Write out all of the records exactly once more and skip the images.

---- Information given

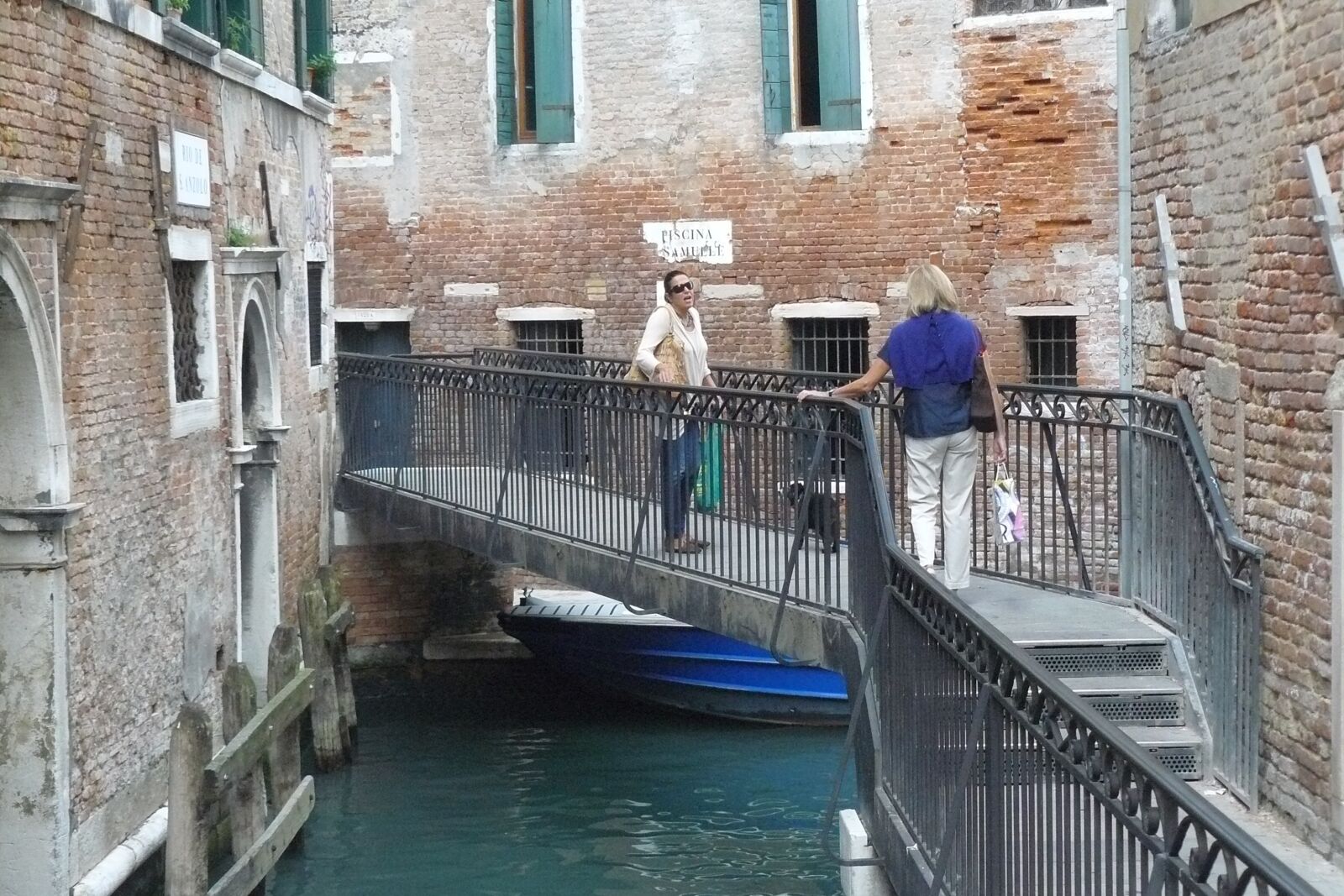 Panasonic DMC-FZ8 sample photo. Venice, bridge, cityscape photography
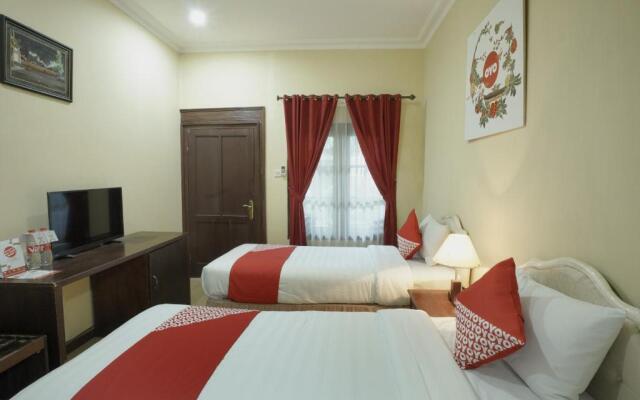 OYO 804 Ndalem Maharani Guest House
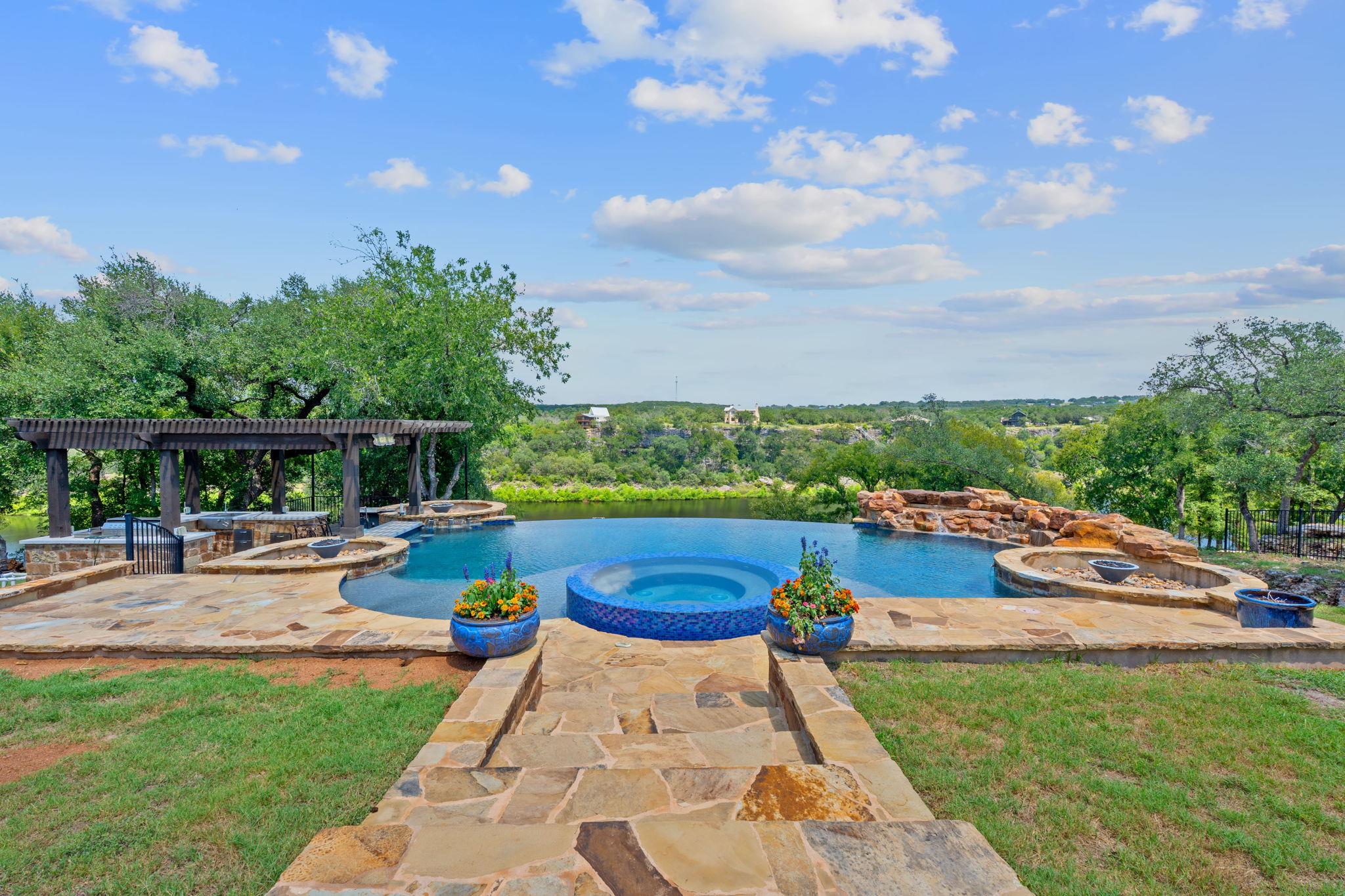 1325 Likeness Rd, Spicewood, TX 78669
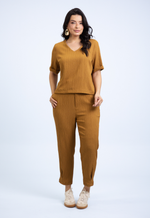 Blusa Karen Caramelo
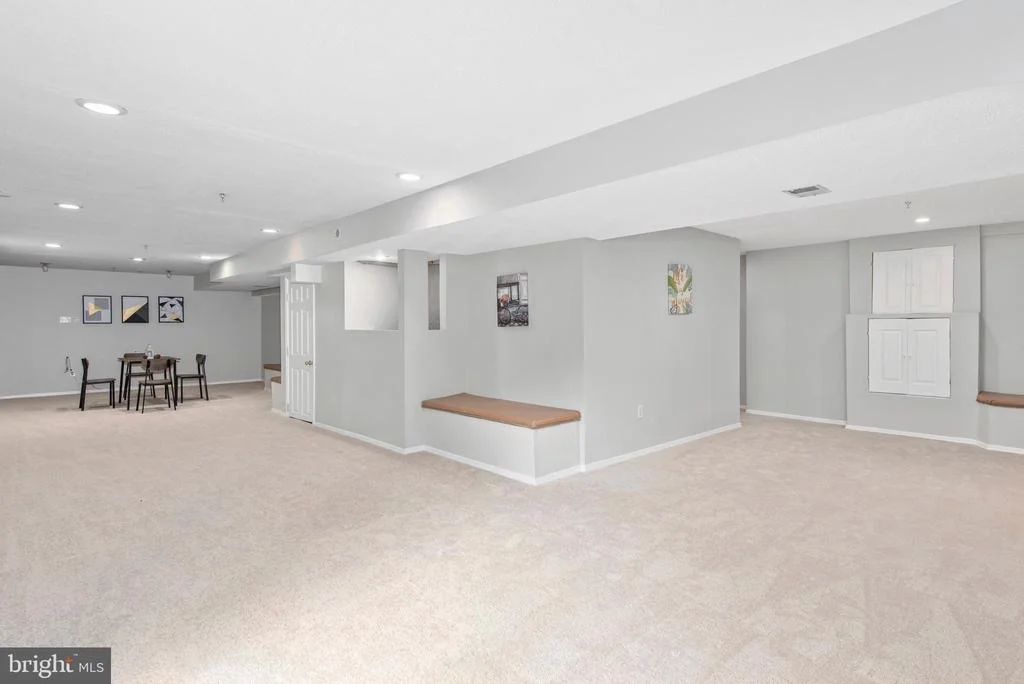 Photo of 6523 SPRINGCREST DRIVE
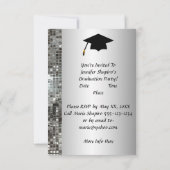 Ieder jaar Classy Silver Graduation Invitations Kaart (Achterkant)
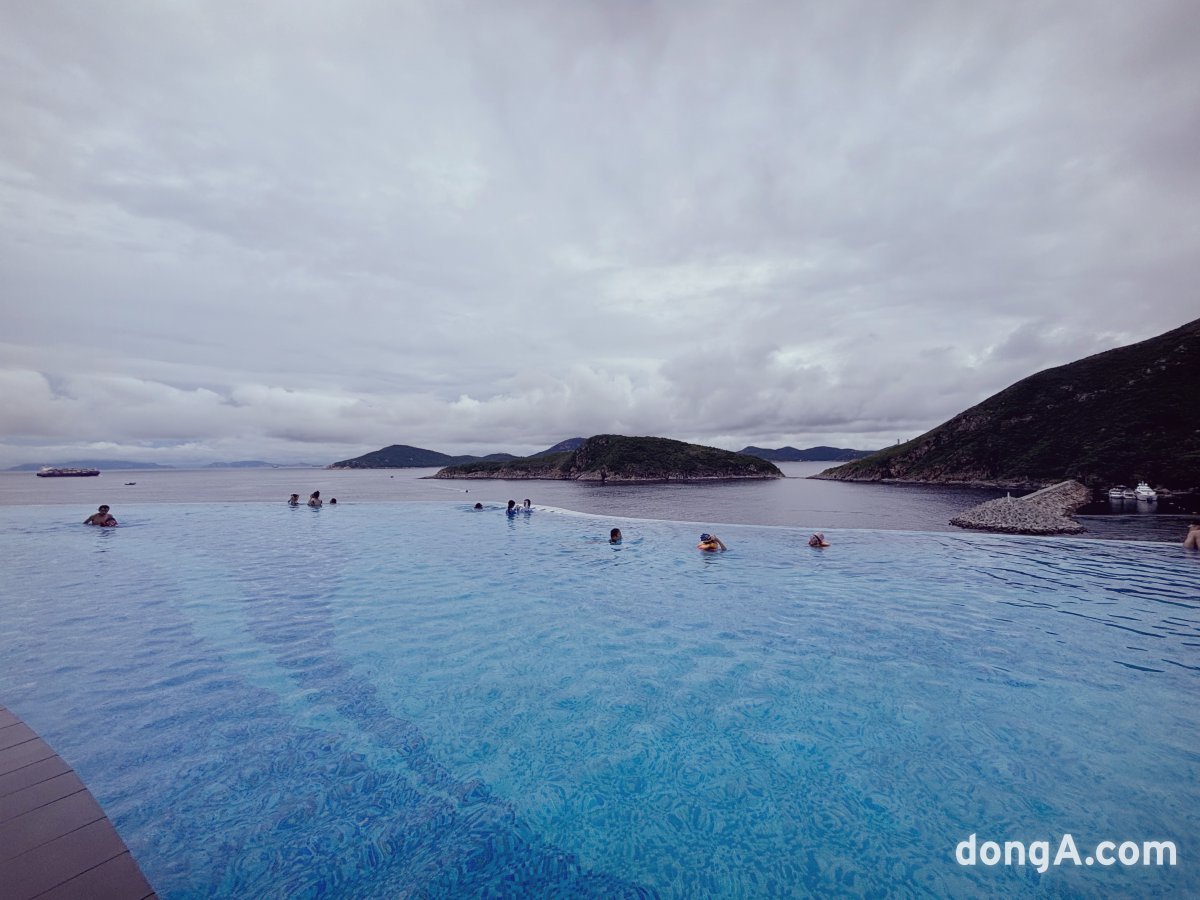 Infinity pool available for free use by guests staying at the Fullerton Ocean Park Hotel. Photo = Reporter Hwang So-young fangso@donga.com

--------

### Answer to this exercise:
 Panasonic DMC-FZ8 sample photo. Venice, bridge, cityscape photography
 OYO 804 Ndalem Maharani Guest House
 1325 Likeness Rd, Spicewood, TX 78669
 Blusa Karen Caramelo
 Photo of 6523 SPRINGCREST DRIVE
 Ieder jaar Classy Silver Graduation Invitations Kaart (Achterkant)
 Infinity pool available for free use by guests staying at the Fullerton Ocean Park Hotel. Photo = Reporter Hwang So-young fangso@donga.com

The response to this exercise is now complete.